Phase I (June 2019-October 2021)

Over the past 18 months, we developed custom ML models that build upon advances in conventional NER in two important ways; the customization of entity categories and recognition accuracy in multilingual corpora with entity ambiguity.  Off the shelf ML models cannot recognize certain domain-specific entities commonly found in linguistic and culturally diverse societies with complex political histories.  Entities found in TRC testimonies confound conventional approaches in NER because of the ambiguity of place names, the organizational complexity of state organs and proxies, and the expansive array of opposition groups.  Even though witnesses primarily gave testimony in English, or their words were translated into English by transcribers, the code-switching South Africans do in everyday speech confounds conventional approaches to NER because it prevents model generalization.  Our ML models yielded a higher degree of accuracy than off the shelf models because we used a South African specific training set during training.  This approach has demonstrated applicability in human rights archives produced elsewhere in the postcolonial world as well as in polyglot regions like central and Eastern Europe.
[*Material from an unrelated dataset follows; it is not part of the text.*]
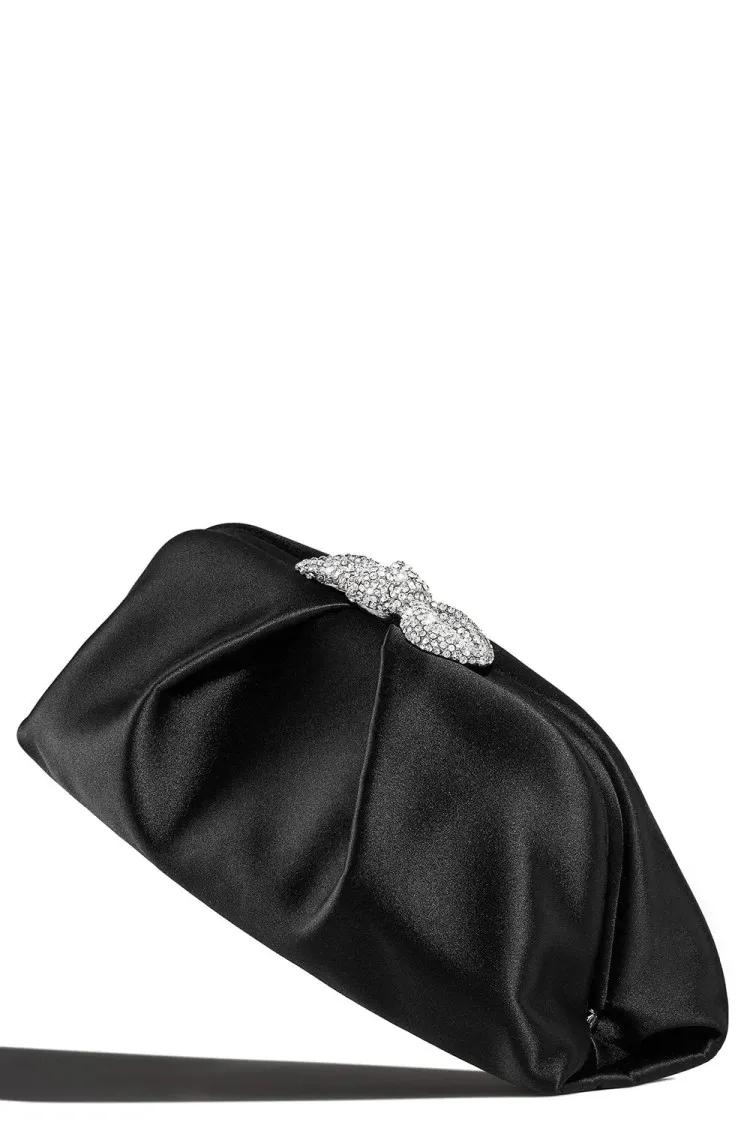 Aquazzura Clutches Very Bow Tie Crystal Minaudier in zwart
Data derived from our work allow scholars to put ML methods into practice developing new research questions, rather than letting technology determine the contours of their research.  For instance, we are now able to trace a typology of violence over time and geographic space, or construct network graphs of victims injured in police stations throughout the country, and then link those maps and network graphs to testimonies given by perpetrators.  We believe that this scalable understanding of violence during apartheid will enable humanists to better understand the fundamental dynamics of human rights abuses in South Africa on a societal level across three and a half decades.

At present our public-facing research outputs include (1) the TRC v7 Dashboard, a GIS data dashboard that draws from data extracted from approximately 21,500 human rights violations descriptions documented by the TRC and (2) the Co-Occurrence Network Graph, which depicts co-occurrences of the names of individuals and organizations in incident descriptions.  We have also debuted a prototype Sentence Embedding App that allows users to experiment with a search function based on experience rather than keywords.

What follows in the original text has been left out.